Haber7.com Özel Haber
Son günlerde sosyal medya üzerinden ve HDP kanadından bir algı operasyonu başlatıldı. Kürtlere şimdiye kadar haklarının AK Parti döneminde verildiği gerçeğini çarpıtmalarla karalamak isteyenlere Kürt aydınları ve kanaat önderleri tarihi cevaplar verdiler.
GÜNEYDOĞU KANAAT ÖNDERİ EYÜP SAĞCAN
“KÜRTLER HAK ETTİKLERİ HAKLARI AK PARTİ DÖNEMİNDE ALDI”
Türkiye AK Parti iktidarından sonra her alanda sessiz bir devrim gerçekleştirirken, siyasal, sosyal ve ekonomik alanlarda şimdiye kadar görülmemiş işlere imza attı. Cumhurbaşkanımız Recep Tayyip Erdoğan’ın hiç kimsenin konuşamadığı yerde konuştu ve Kürtlerin şimdiye kadar verilmeyen tüm hakları verildi. Kürtler ilk kez Batı’da yaşayanlar kadar hizmet almaya başladılar. Batıya ne yapıldıysa Doğu ve Güneydoğu’ya da yapıldı. Kürtçe serbest bir dil haline geldi. Ekonomik kalkınma projeleri Doğu ve Güneydoğu’da çok iyi bir şekilde uygulandı. Teşvik alanları oluşturuldu. HDP’nin Kürtlerin elinden almak istediği hakları Cumhurbaşkanımız Recep Tayyip Erdoğan verdi. Şimdi de aynı manipülasyonla, yalanla kendi seçmeni olarak gördükleri insanların gözlerinin içine baka baka yalan söylüyorlar. Ama Kürtler de artık HDP’nin bu yalanlarına ne inanıyorlar ne de ciddiye alıyorlar. Yerel seçimlerde Doğu ve Güneydoğu’da kaybettikleri belediyelere bakarak bunu en iyi şekilde görebilirsiniz.
MEMUR SEN GENEL BAŞKAN YARDIMCISI MEHMET EMİN ESEN
“2002’DEN SONRA KÜRTLER ASLİ UNSUR OLDU”
2002 yılından sonra Türkiye’de demokratikleşme adına çok büyük adımlar atıldı. Bu demokratikleşme ve özgürlükten en çok istifade eden kesim ise hem dindar kesim hem de Türkiye’de yaşayan Kürt kardeşlerimiz oldu. Çünkü, başörtüsü yasağı ve zulmü, imam-hatiplerin önündeki kat sayı engeli AK Parti döneminde aşıldı. 2002 yılından önce Türkiye, faili meçhullerin olduğu, Kürtçe konuşmanın dahi yasaklandığı bir dönemden artık Kürtçe okullarda öğretilebiliyor, Kürdoloji bölümleri açıldı. Temel hak ve hürriyetler anlamında bu kesimler artık özgür.

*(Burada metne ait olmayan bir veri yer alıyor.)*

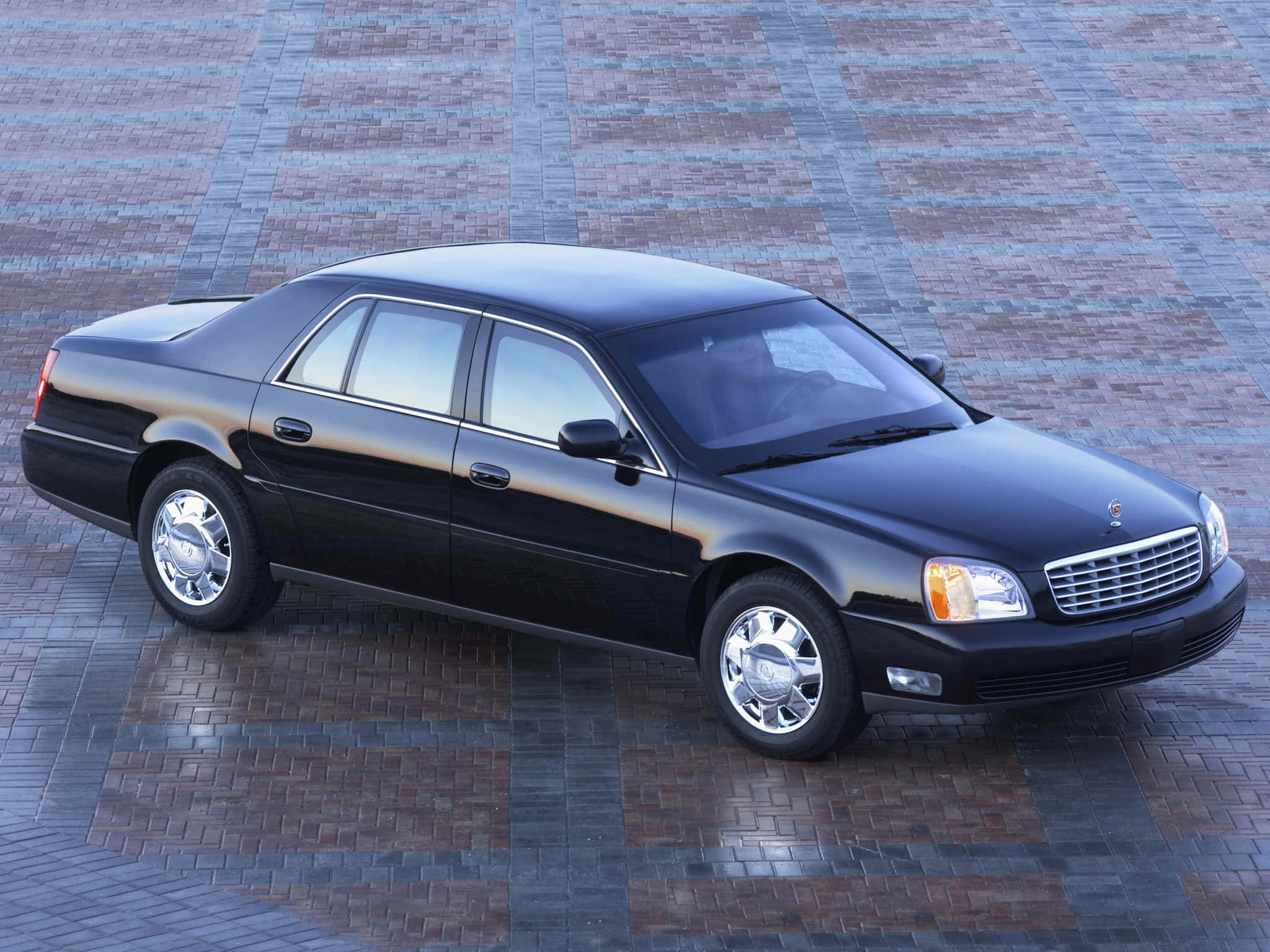Cadillac Deville 桌布 壁紙 — 一架時尚黑色豪華轎車停泊在圖案磚砌廣場上，沐浴在明亮日光下。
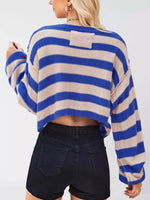 Person wearing a blue and beige striped sweater with black shorts on a white background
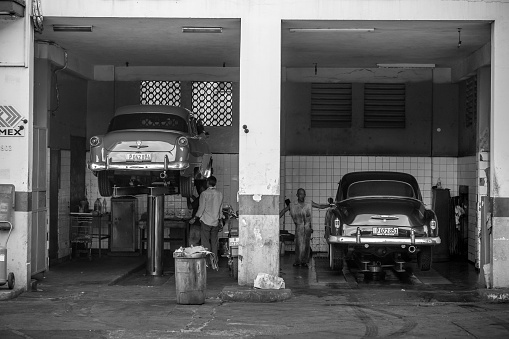 Havana, Cuba - November 6, 2015. Classic Havana Public Car wash. 43. Avenue in Miramar, suburbs of Havana city. This old fashion car wash is part of the public (government run) location where Havana drivers can come and detail their cars. In one bay,  Two man at the back of garage behind  of classic American car lifted. In another bay, Older Cuban man washing the rear end of classic American car lifted in the garage. Two of countless vintage US made cars imported to Cuba before the Revolution but still running after more than 50 years due to ingenuity of Cuban car mechanics and some help of various old car parts, including the left over of Russian diesel engines.  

Kürtler de tıpkı diğer vatandaşlar gibi Türkiye’nin yaşayan asli unsuru oldular. Hiçbir zaman Kürt kimliklerinden dolayı ayrıma tabi tutulmadılar. Ve daha önceki dönemlerde yapılan işkenceler de bu dönemde kaldırıldı. Hem bölge insanı hem de Türkiye bu anlamda derin bir nefes aldı.
PROF. DR. İDRİS KARDAŞ
16 yıldır AK Parti iktidarı Kürtler için hiçbir şey yapmamış diyorlar. Şuanda ittifak içerisinde oldukları, Kürt kimliğini yok sayan, her türlü zulmü uygulayan, Kürt dilini yasaklayan, Diyarbakır zindanlarında işkenceler yapan, her darbede en fazla Kürtleri mağdur eden CHP. Bunun üzerine yürürlerse, kusura bakmasınlar, bir şey elde edemezler. AK Parti bir şey yaptı ya da yapmadı diye savunmaya geçmeye bile gerek yok.Bu hükümetin ve Recep Tayyip Erdoğan’ın Kürtler için yaptıkları ortada. CHP ne yaptı? Daha doğrusu CHP bırakın Kürtler için bir şeyler yapmayı, bugün terörün bu kadar büyümesinin, Kürt kimliğinin yok sayılmasının, insanların çocukları ile Kürtçe konuşmasının yasaklanmasının, Dersim’in, tamamının altında CHP var. Tamamının altında onun zihniyeti, onların yönettiği bürokrasi var.
Dolayısıyla, AK Parti zaten son 16 yılda sessiz devrim yaptı. Hiçbir şey yapmasa bile Kürt kimliğinin eşitlenmesini sağladı. Bu çok büyük bir nimet. Somut adımlar zaten var. İnsanların ana dilinde konuşması serbest. Bakın ne kadar ilkel bir şeyden bahsediyoruz. CHP zihniyetinin 90 yıldır ortaya koyduğu baskıyla, insanların çocuklarıyla konuşmalarından köy isimlerine kadar bunların tamamı bu zihniyetin, Kemalist yapının sonucudur. Bunların hepsinin aslına dönmesini sağlayan, çocuklarınıza istediğiniz gibi konuşmasını sağlayan, bunların hepsini yapan AK Parti. Bugün Kürtlerin hak ve özgürlükler hakkındaki taleplerinin çok minimuma indiğini görürüz. Gerisi siyaset. Siyaseten ortada bir şey var ama Kürtlerin bireysel hak ve özgürlük, kolektif hak ve özgürlük talepleri yok çünkü yapılmamış bir şey kalmadı. Anadilde eğitim gibi konular konusunda da pek çok çalışma yapıldı. Eğitim konusu genel olarak problemli yoksa zihniyet olarak AK Parti’nin karşı olduğu bir durum değil. Hiçbir şey yapmadıysa da vicdanen bu işi konuşarak çözebilir miyiz dedi masaya koydu. PKK ise, ABD’yi, İsrail’i arkasına alarak başka masaya gitti. Şimdi daha ne yapsın?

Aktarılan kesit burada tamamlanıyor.